Food and Nutrition

Methane prediction equations including genera of rumen bacteria as predictor variables improve prediction accuracy

Publié le - Scientific Reports

Auteurs : Boyang Zhang, Shili Lin, Luis Moraes, Jeffrey Firkins, Alexander N Hristov, Ermias Kebreab, Peter H Janssen, André Bannink, Alireza R Bayat, Les A Crompton, Jan Dijkstra, Maguy A Eugène, Michael Kreuzer, Mark Mcgee, Christopher K Reynolds, Angela Schwarm, David R Yáñez-Ruiz, Zhongtang Yu

Methane (CH 4) emissions from ruminants are of a significant environmental concern, necessitating accurate prediction for emission inventories. Existing models rely solely on dietary and host animalrelated data, ignoring the predicting power of rumen microbiota, the source of CH 4. To address this limitation, we developed novel CH 4 prediction models incorporating rumen microbes as predictors, alongside animal-and feed-related predictors using four statistical/machine learning (ML) methods. These include random forest combined with boosting (RF-B), least absolute shrinkage and selection operator (LASSO), generalized linear mixed model with LASSO (glmmLasso), and smoothly clipped absolute deviation (SCAD) implemented on linear mixed models. With a sheep dataset (218 observations) of both animal data and rumen microbiota data (relative sequence abundance of 330 genera of rumen bacteria, archaea, protozoa, and fungi), we developed linear mixed models to predict CH 4 production (g CH 4 /animal•d, ANIM-B models) and CH 4 yield (g CH 4 /kg of dry matter intake, DMI-B models). We also developed models solely based on animal-related data. Prediction performance was evaluated 200 times with random data splits, while fitting performance was assessed without data splitting. The inclusion of microbial predictors improved the models, as indicated by decreased root mean square prediction error (RMSPE) and mean absolute error (MAE), and increased Lin's concordance correlation coefficient (CCC). Both glmmLasso and SCAD reduced the Akaike information criterion (AIC) and Bayesian information criterion (BIC) for both the ANIM-B and the DMI-B models, while the other two ML methods had mixed outcomes.

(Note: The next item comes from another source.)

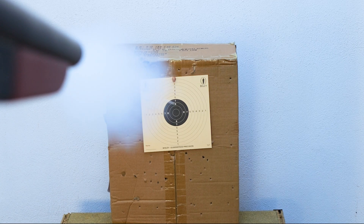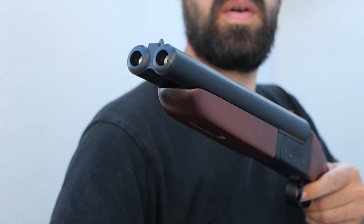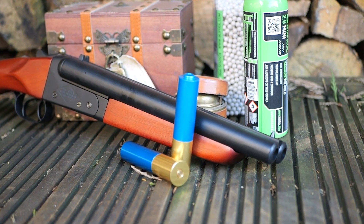The compact size ensures manoeuvrability in tight spaces, making it ideal for any scenario. Experience the thrill of blasting through obstacles with the Horsan Sawn-Off Shotgun. Elevate your Airsoft game with unmatched realism and performance.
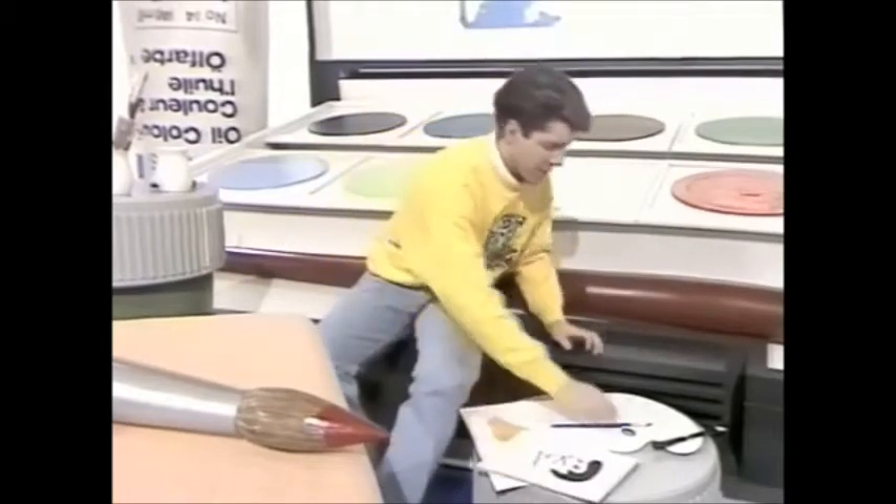Have you ever noticed when you've finished a drawing of a face and you come to paint it, there's never quite the right skin tone in your paint box? I suppose you could always leave your drawing white. Let's try that.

By balancing prediction performance and fitting performance, we obtained one ANIM-B model (containing 10 genera of bacteria and 3 animal data) fitted using glmmLasso and one DMI-B model (5 genera of bacteria and 1 animal datum) fitted using SCAD. This study highlights the importance of incorporating rumen microbiota data in CH 4 prediction models to enhance accuracy and robustness. Additionally, ML methods facilitate the selection of microbial predictors from high-dimensional metataxonomic data of the rumen microbiota without overfitting. Moreover, the identified microbial predictors can serve as biomarkers of CH 4 emissions from sheep, providing valuable insights for future research and mitigation strategies.